The Costs of Data Virtualization
In order to have an effective data virtualization system, companies need the right middleware platforms to provide support and functionality while reliably providing instant access to all the data available. These platforms include three key components:
• An integrated environment that grants access to all the key users, and outlines security controls, data standards, quality requirements, and data validation.
• The data virtualization server, where users input their queries and the system aggregates all the information into a format that is easy for the user to view and manipulate. This requires the ability to collect and transform the information from several different systems into a single format for consumption. These servers must also include validation and authentication to ensure data security.
• The ability to manage the servers and keep them running reliably all the time. One of the keys to quality data virtualization systems is access to high quality information in real time, which means there must be tools in place to support integration, security, and access to the system, as well as monitor the system logs to identify usage levels and key indicators to improve access.
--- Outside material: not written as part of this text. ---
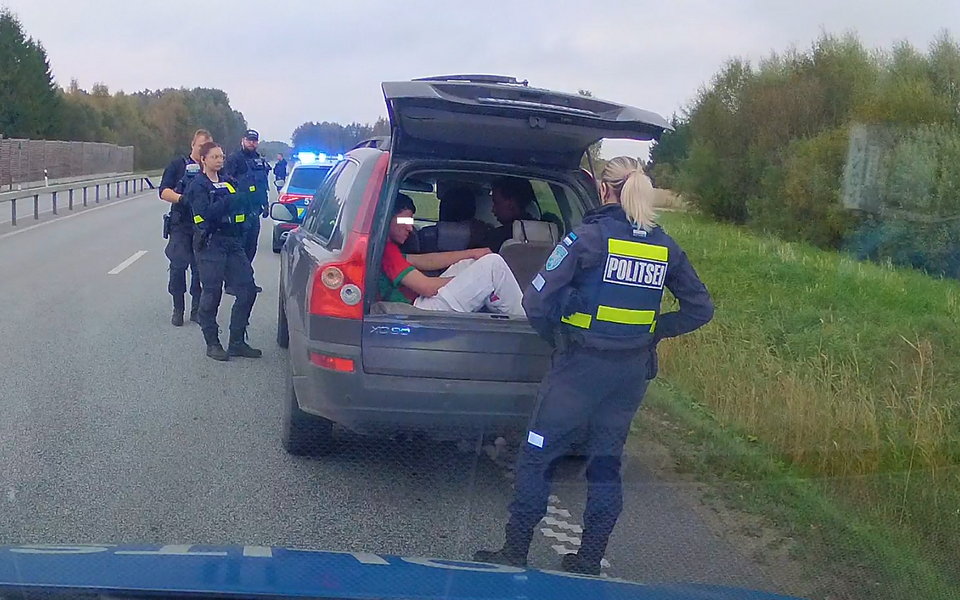 Politsei pidas kinni ebaseadusliku r&auml;nde korraldamises kahtlustatavad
While the costs to set up this type of system can be high initially, the return on investment a company can achieve through strategic use of the data gathered can more than outweigh the initial costs.
Case Studies in Data Virtualization
There are hundreds of examples of companies today, from large corporations to small- and medium-sized businesses, that are using data virtualization to improve the way they collect, maintain, and utilize information stored in databases and systems throughout the world.
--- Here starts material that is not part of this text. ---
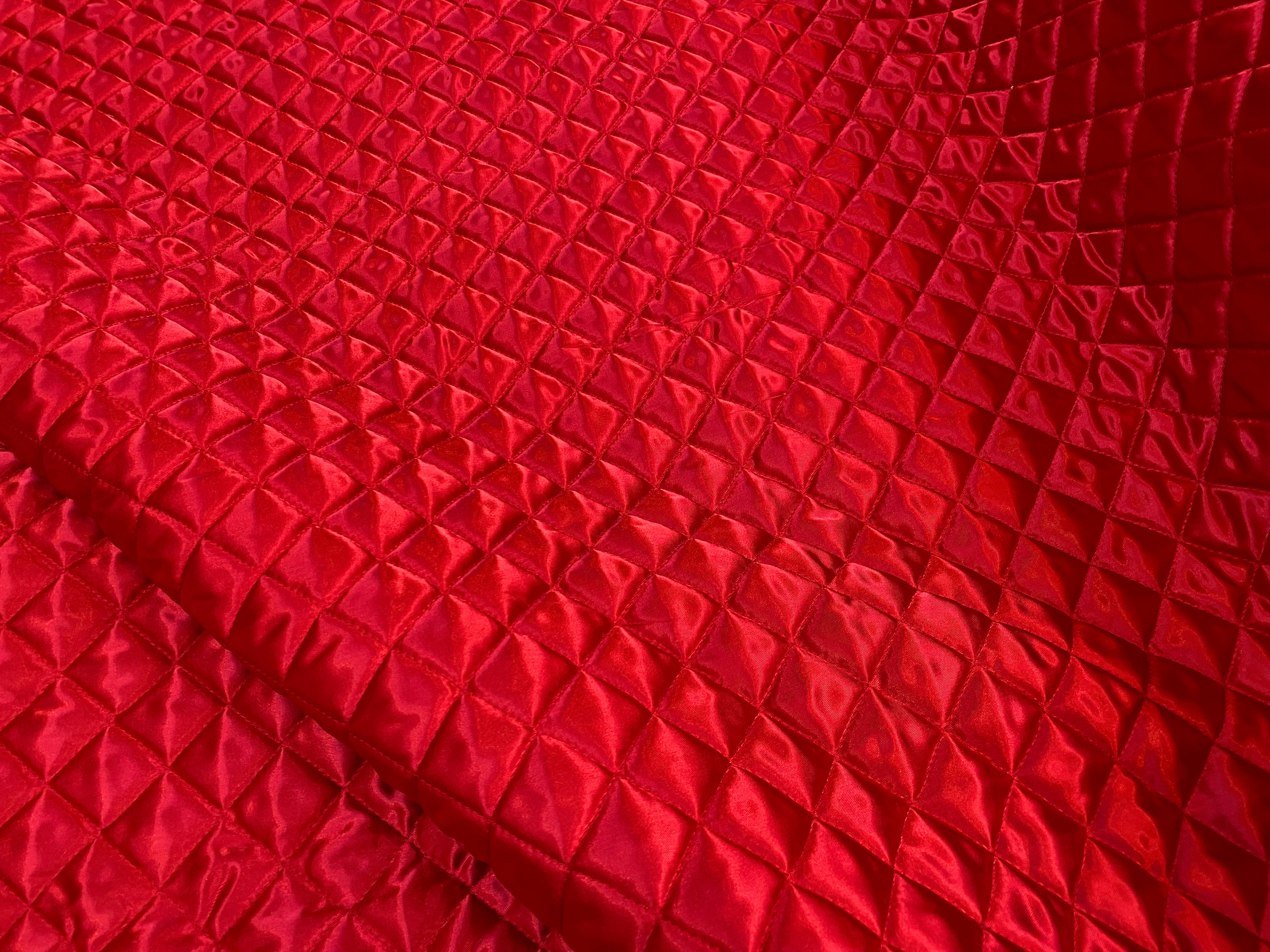 MATELASSÉ SIMPLE FACE SATIN BRILLANT ROUGE - My Little Coupon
For example, Chevron was recently recognized for implementing data virtualization in a project; by adding the virtual layer to several systems that had to be aggregated, project managers were able to cut the total time to migrate systems almost in half, and lower the risk of losing critical data.
Companies like Franklin Templeton, which rely on data to deliver results to investors, use data virtualization to manage databases more efficiently, eliminate data duplication within the system, and shorten the amount of time it takes to bring new products to the market, increasing their competitive edge.
For large corporations that aggregate data from several different data marts and high-volume warehouses, the ability to consolidate that information into a usable format that drives sales and customer retention strategies is a critical competitive advantage. Companies like AT&T are using data virtualization to consolidate hundreds of data sources into one system in real-time that inform everything from R&D to marketing
and sales.
Whether you are a small- or medium-sized business that is struggling with time-consuming routine IT tasks, such as manually managing several systems and databases, or you are a large corporation trying to access and aggregate billions of pieces of information every day, data virtualization can help you view and manipulate information that will give you the competitive edge you need. Every company has data, but without the ability to safely and reliably access and organize the key pieces that you need from all your disparate systems, you will never realize all the benefits that information can offer.